Nati Srebro: Weak to Strong Generalization in Random Feature Models
Weak-to-Strong Generalization (Burns et al., 2023) is the phenomenon whereby a strong student, say GPT-4, learns a task from a weak teacher, say GPT-2, and ends up significantly outperforming the teacher. We show that this phenomenon does not require a strong and complex learner like GPT-4, nor pre-training. We consider students and teachers that are random feature models, described by two-layer networks with a random and fixed bottom layer and trained top layer. A ‘weak’ teacher, with a small number of units (i.e. random features), is trained on the population, and a ‘strong’ student, with a much larger number of units (i.e. random features), is trained only on labels generated by the weak teacher. We demonstrate, prove and understand, how the student can outperform the teacher, even though trained only on data labeled by the teacher, with no pretraining or other knowledge or data advantage over the teacher. We explain how such weak-to-strong generalization is enabled by early stopping. Importantly, we also show the quantitative limits of weak-to-strong generalization in this model.
Joint work with Marko Medvedev, Kaifeng Lyu, Dingli Yu, Sanjeev Arora and Zhiyuan Li.
Zhimei Ren: ACS: An interactive framework for machine-assisted selection with model-free guarantees
In this talk, I will introduce adaptive conformal selection (ACS), an interactive framework for model-free selection with guaranteed error control. Building on conformal selection (Jin and Candès, 2023b), ACS generalizes the approach to support human-in-the-loop adaptive data analysis. Under the ACS framework, we can partially reuse the data to boost the selection power, make decisions on the fly while exploring the data, and incorporate new information or preferences as they arise. The key to ACS is a carefully designed principle that controls the information available for decision making, allowing the data analyst to explore the data adaptively while maintaining rigorous control of the false discovery rate (FDR). Based on the ACS framework, we provide concrete selection algorithms for various goals, including model update/selection, diversified selection, and incorporating newly available labeled data. The effectiveness of ACS is demonstrated through extensive numerical simulations and real-data applications in large language model (LLM) deployment and drug discovery.
  
Eva Tardos: Learning in Strategic Queuing
  Over the last two decades we have developed good understanding how to quantify the impact of strategic user behavior on outcomes in many games (including traffic routing and online auctions) and showed that the resulting bounds extend to repeated games assuming players use a form of learning (no-regret learning) to adapt to the environment.
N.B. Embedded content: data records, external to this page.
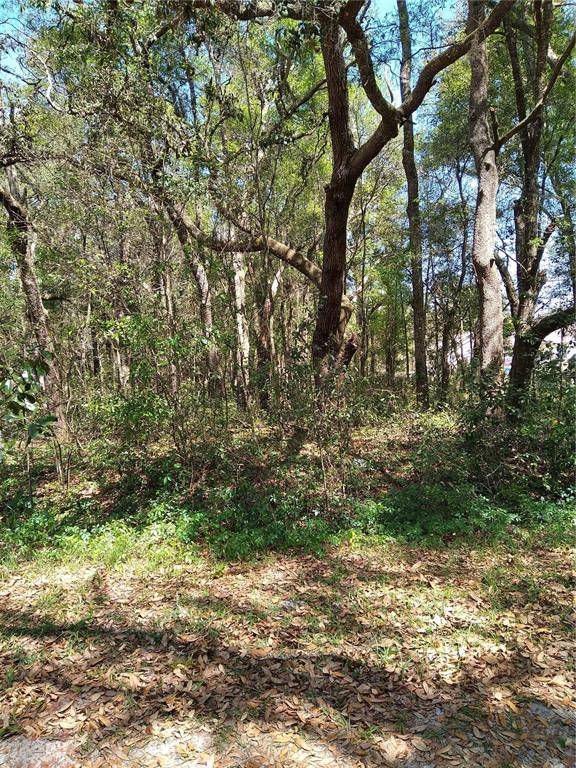 114TH LN, Dunnellon, FL 34432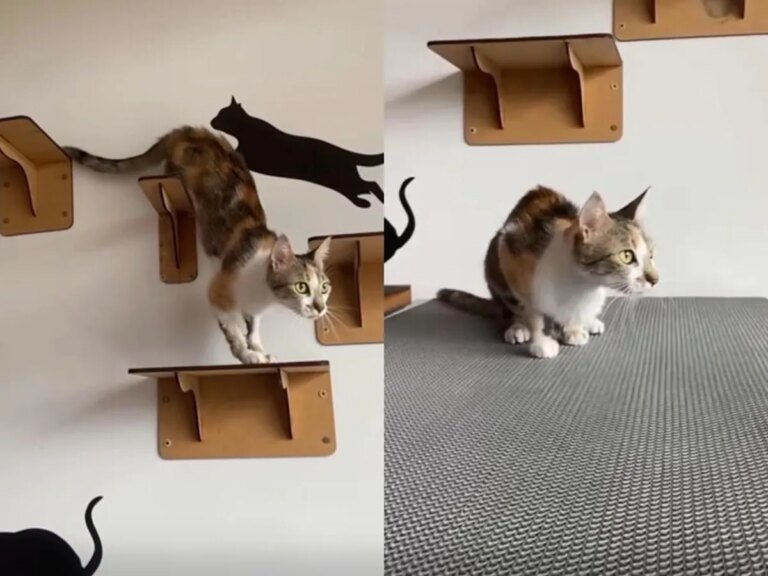 Gata arremessada do 12º andar de prédio em Curitiba é adotada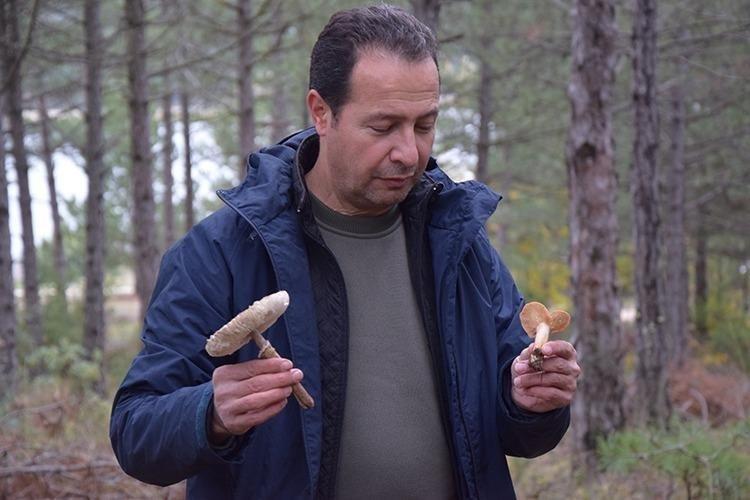 ANTİOKSİDAN ÖZELLİKLER GÖSTERİR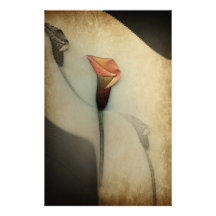 Papeterie de zantedeschia papier à lettre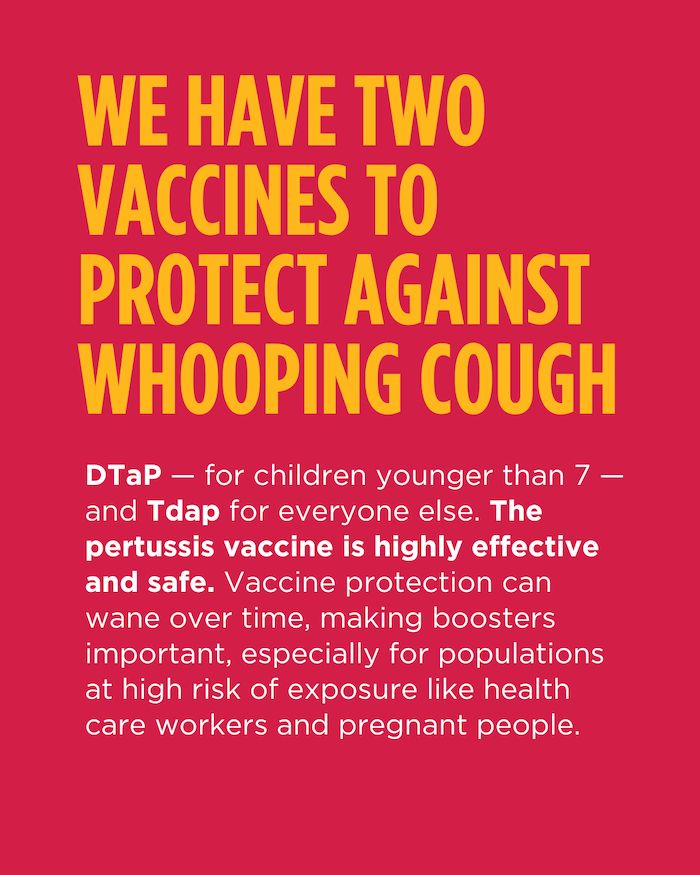 Graphic: We have two vaccines to protect against whooping cough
However, these results assume that there is no carry-over effects between rounds: outcomes in one round have no effect on the game in the future. Many repeated games have an evolving state resulting in direct carry-over effect, such as repeated auctions with budgets, as well as queuing systems. In this talk we will study this phenomenon in the context of a game modeling queuing systems: routers compete for servers, where packets that do not get served need to be resent, resulting in a system where the number of packets at each round depends on the success of the routers in the previous rounds. We study the required excess server capacity needed to guarantee that all packets get served in two different queuing systems (with or without buffers) despite the selfish (myopic) behavior of the participants.